Segment Start: EXTRACTED INFORMATION

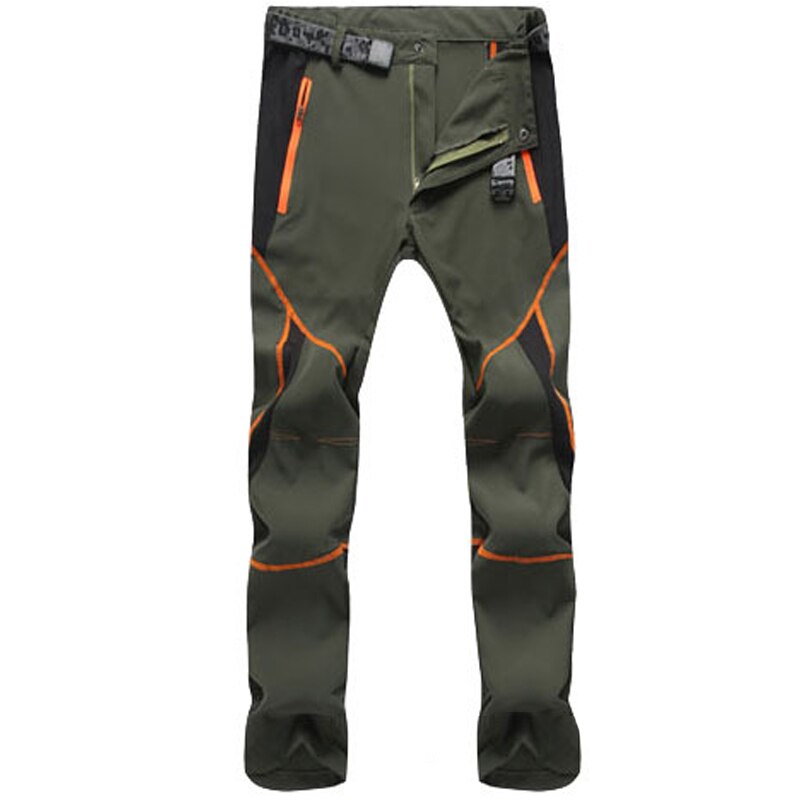 Eprolo Mens Quick-Dry Color-Stitched Hiking Pants in olive green and black with orange accents. These windproof workwear pants feature zip closures, reinforced knees, and multiple pockets for hiking or outdoor use.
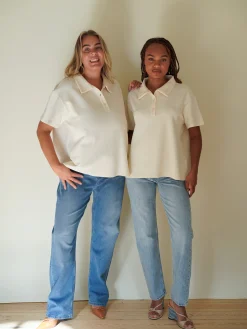 Discount Djerf Avenue Textured Polo Top Cream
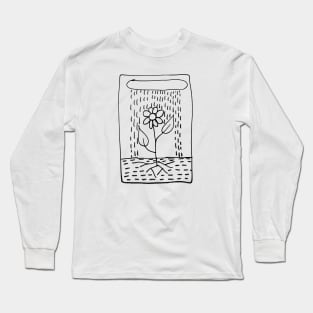 The painting of a rose under the rain Long Sleeve T-Shirt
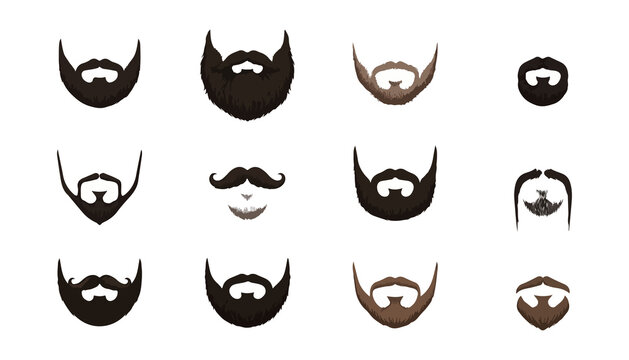 Beard and Mustache Vector Icons Set with Various Styles and Colors. Design Elements for Grooming, Fashion, and Personal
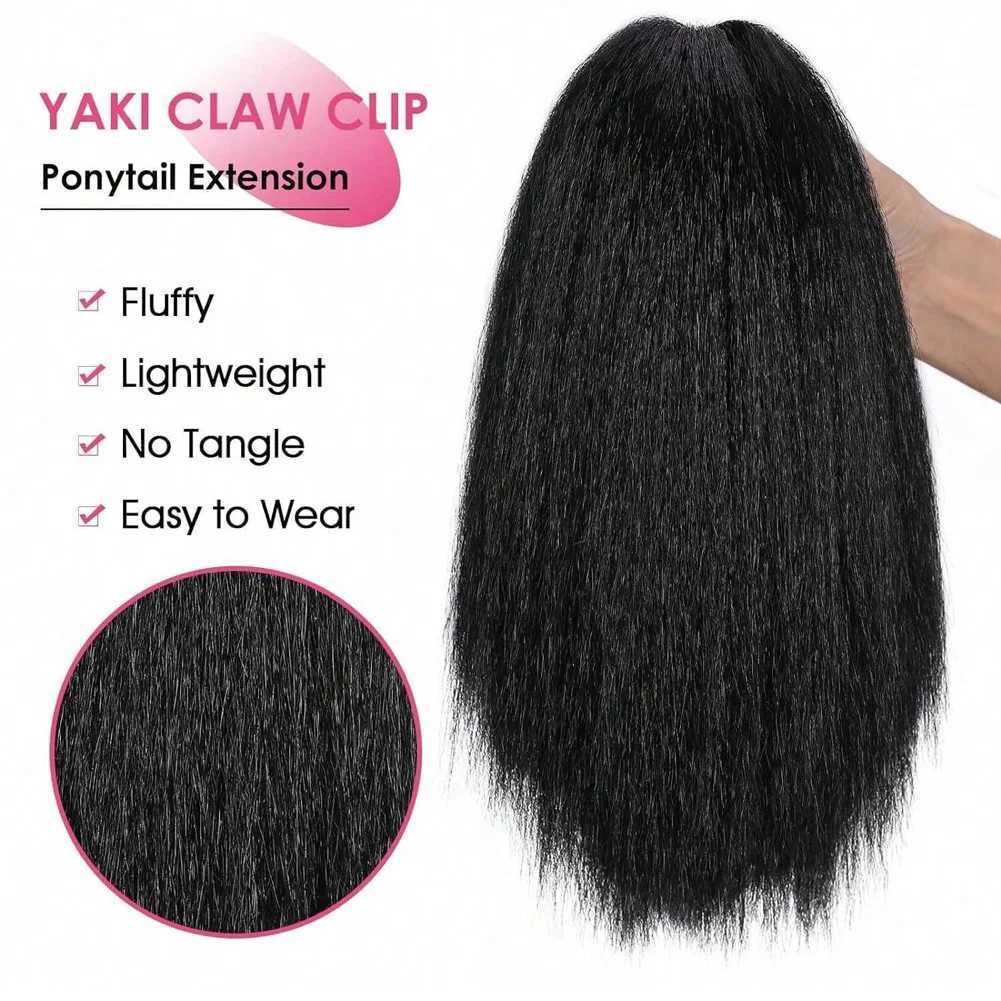 Yaki Claw Clip Hair Extensions Synthetic Kinky Straight Hair Extensions Ponytail Black Fluffy Thick Ponytails For Black WomenXJ241221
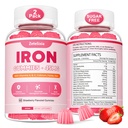 Vegan 2 Pack Iron Supplement Gummys for Women & Men, Anemia, Blood Builder and Energy Support for Iron Defency, 维生素C, A, B Complex, Folate, CoQ10, 无糖, 非GMO, 120 Counter (英语).
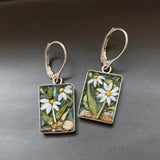 Boucles d'oreilles vintage rectangulaires en forme de fleur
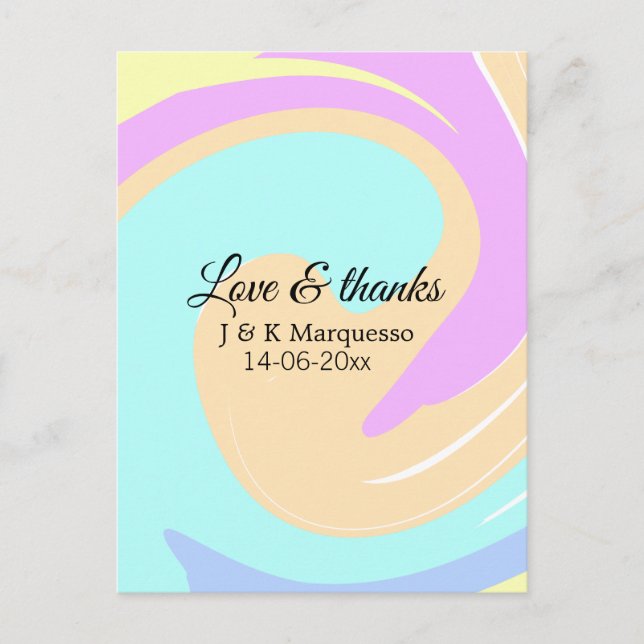 Kärlek & tack färgglast marmor bröllopsnamn vykort (Framsida)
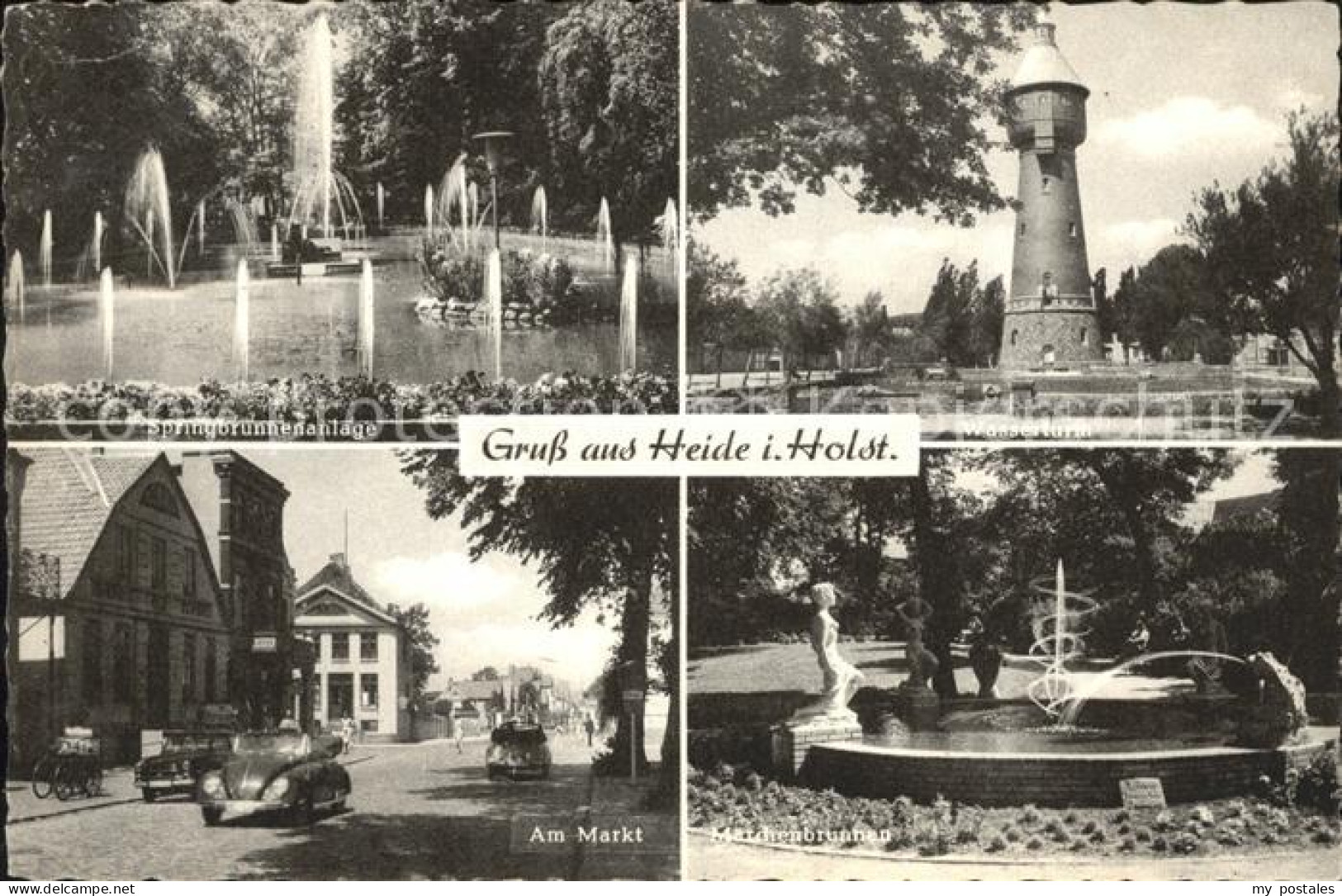 42075612 Heide Holstein Markt Brunnen Turm Heide - Heide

Segment End: EXTRACTED INFORMATION

TASK ITEM
Output all the data above verbatim, leaving out images.

OUTPUT
 Eprolo Mens Quick-Dry Color-Stitched Hiking Pants in olive green and black with orange accents. These windproof workwear pants feature zip closures, reinforced knees, and multiple pockets for hiking or outdoor use.
 Discount Djerf Avenue Textured Polo Top Cream
 The painting of a rose under the rain Long Sleeve T-Shirt
 Beard and Mustache Vector Icons Set with Various Styles and Colors. Design Elements for Grooming, Fashion, and Personal
 Yaki Claw Clip Hair Extensions Synthetic Kinky Straight Hair Extensions Ponytail Black Fluffy Thick Ponytails For Black WomenXJ241221
 Vegan 2 Pack Iron Supplement Gummys for Women & Men, Anemia, Blood Builder and Energy Support for Iron Defency, 维生素C, A, B Complex, Folate, CoQ10, 无糖, 非GMO, 120 Counter (英语).
 Boucles d'oreilles vintage rectangulaires en forme de fleur
 Kärlek & tack färgglast marmor bröllopsnamn vykort (Framsida)
 42075612 Heide Holstein Markt Brunnen Turm Heide - Heide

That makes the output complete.